-- DATA IN THIS EXERCISE follows --
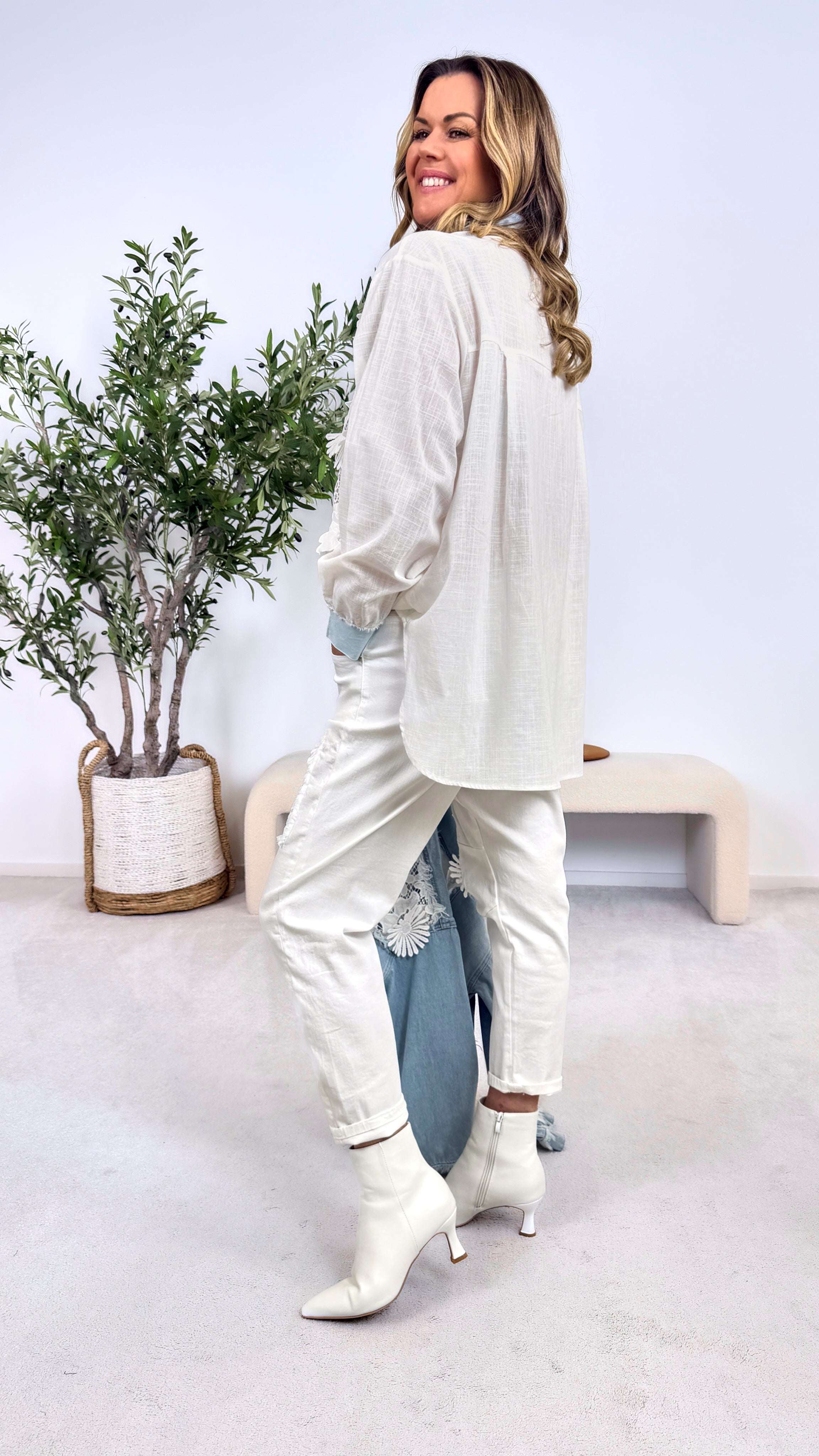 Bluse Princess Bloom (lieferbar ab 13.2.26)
-- DATA IN THIS EXERCISE concluded --
-- DATA IN THIS EXERCISE follows --
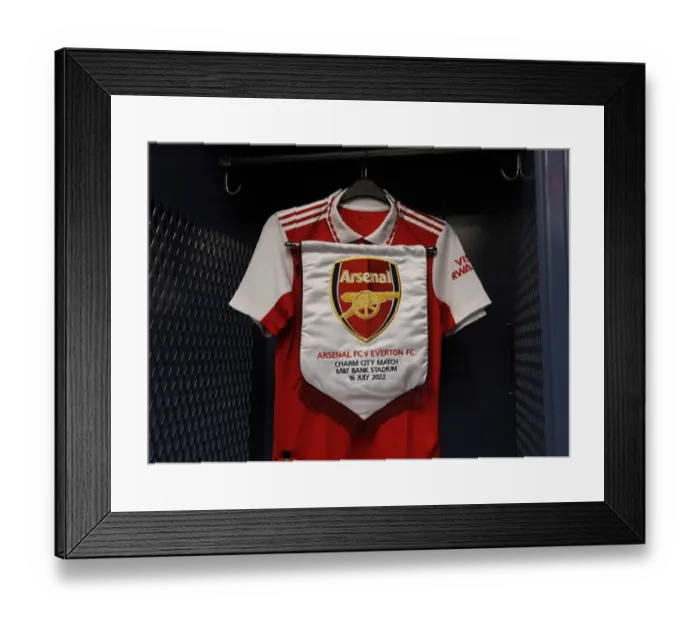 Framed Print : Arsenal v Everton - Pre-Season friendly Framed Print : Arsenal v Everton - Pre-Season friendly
-- DATA IN THIS EXERCISE concluded --
-- DATA IN THIS EXERCISE follows --
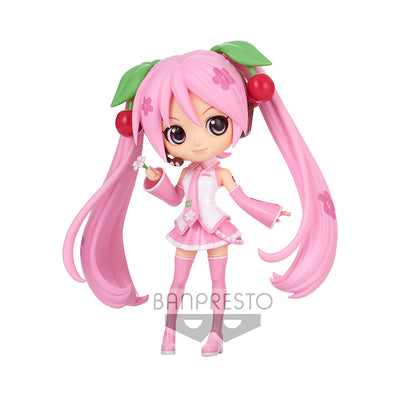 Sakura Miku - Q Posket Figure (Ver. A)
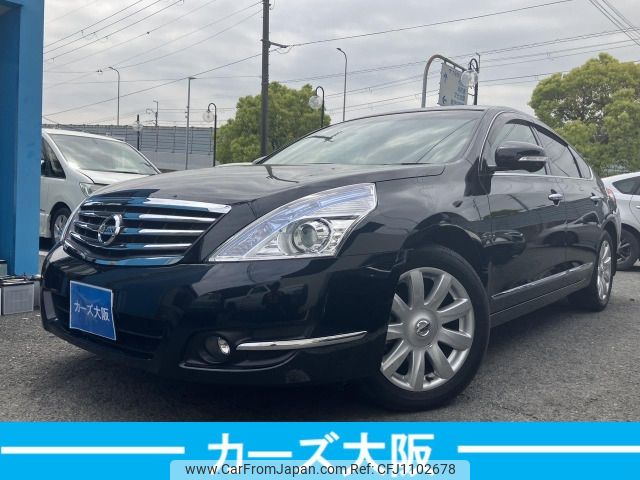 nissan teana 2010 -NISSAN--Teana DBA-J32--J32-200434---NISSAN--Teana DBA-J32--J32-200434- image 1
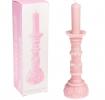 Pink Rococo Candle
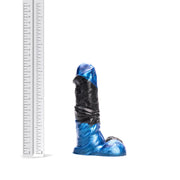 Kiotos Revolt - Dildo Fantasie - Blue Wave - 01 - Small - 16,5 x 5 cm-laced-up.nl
-- DATA IN THIS EXERCISE concluded --
- ABOUT THIS EXERCISE -
Take only the lines above from the one that has "nissan teana 2010" through the one that has "Kiotos Revolt - Dildo" and reproduce them exactly, omitting any pictures.

- ANSWER TO THIS TASK -
 nissan teana 2010 -NISSAN--Teana DBA-J32--J32-200434---NISSAN--Teana DBA-J32--J32-200434- image 1
 Pink Rococo Candle
 Kiotos Revolt - Dildo Fantasie - Blue Wave - 01 - Small - 16,5 x 5 cm-laced-up.nl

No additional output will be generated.